Project is not in working condition
A go implementation of HDBSCAN based on the original paper and this excellent writeup by the author of the scikit-learn module for HDBSCAN.
The executable takes the following parameters:
Usage of ./hdbscan:
-algorithm string
Which algorithm to use. Choices are best, generic, prims_kdtree, prims_balltree, boruvka_kdtree, boruvka_balltree (default "best")
-alpha float
Alpha value (default 1)
-cluster_selection_method string
Method to select clusters from the condensed tree (default "eom")
-data_path string
Data CSV file path (default "data.csv")
-gen_min_span_tree
Wheter to generate the minimum spanning tree with regard to mutual reachability
-leaf_size int
Number of leaf node in the tree (when using a tree-based method) (default 40)
-metric string
Distance metric used for the clustering (default "euclidean")
-min_cluster_size int
Minimal cluster size (default 5)
-save_path string
Data CSV save path (default "save.csv")
As you might have figured out, these are directly taken from the Python implementation. For clarification on their respective usage, please see the module's documentation.
It is worth noting that most of these parameters are useless at the moment and are subject to change.
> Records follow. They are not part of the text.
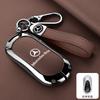 SUG2   Metal Car Remote Key Case Cover For Mercedes Benz F C S-Class GLC EQA EQB EQE EQS W206 W223 X254 2022-2026 Protect Shell Sticker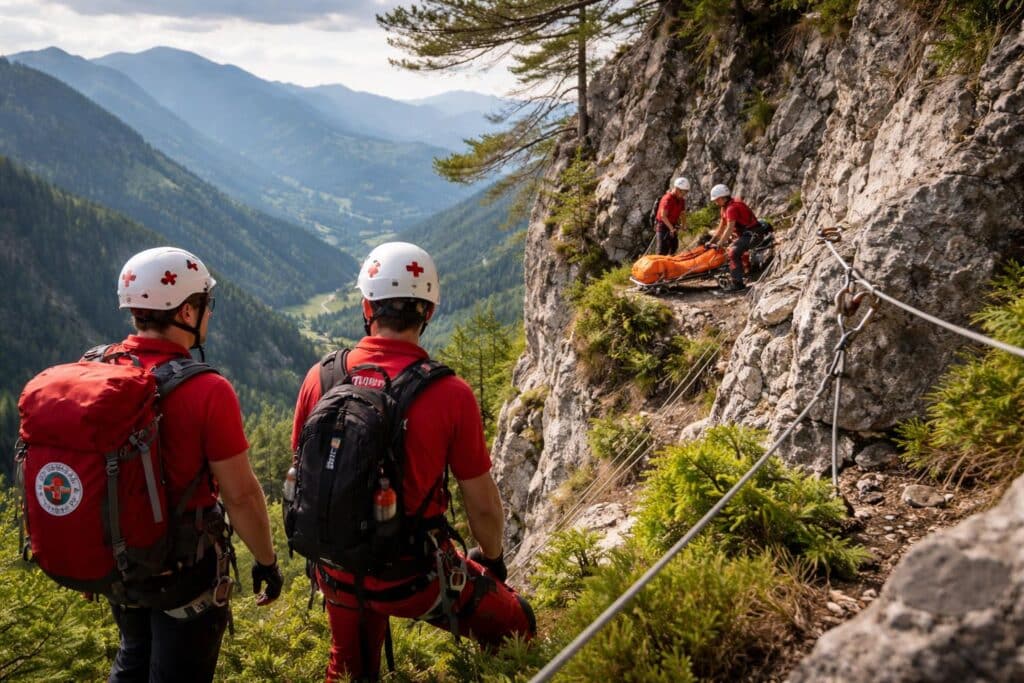 68-Jähriger stürzte bei Klettersteig in Tod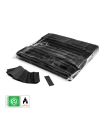 Biodegradable Black Rectangular Paper Confetti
git clone git@github.com:Belval/hdbscan.git
go build -o hdbscan -i ./src
./hdbscan -h
This is a non-optimal implementation in its current form. The algorithm used to build the MST is O(n^2) and I am fairly sure some computations are wasted here and there.
Notably, the implementation uses float64 instead of the smaller float32. This is mostly due to golang's "default" being float64 and not because the precision is needed.
Ideally I would like to turn this into an actual golang module instead of a CLI executable in the future.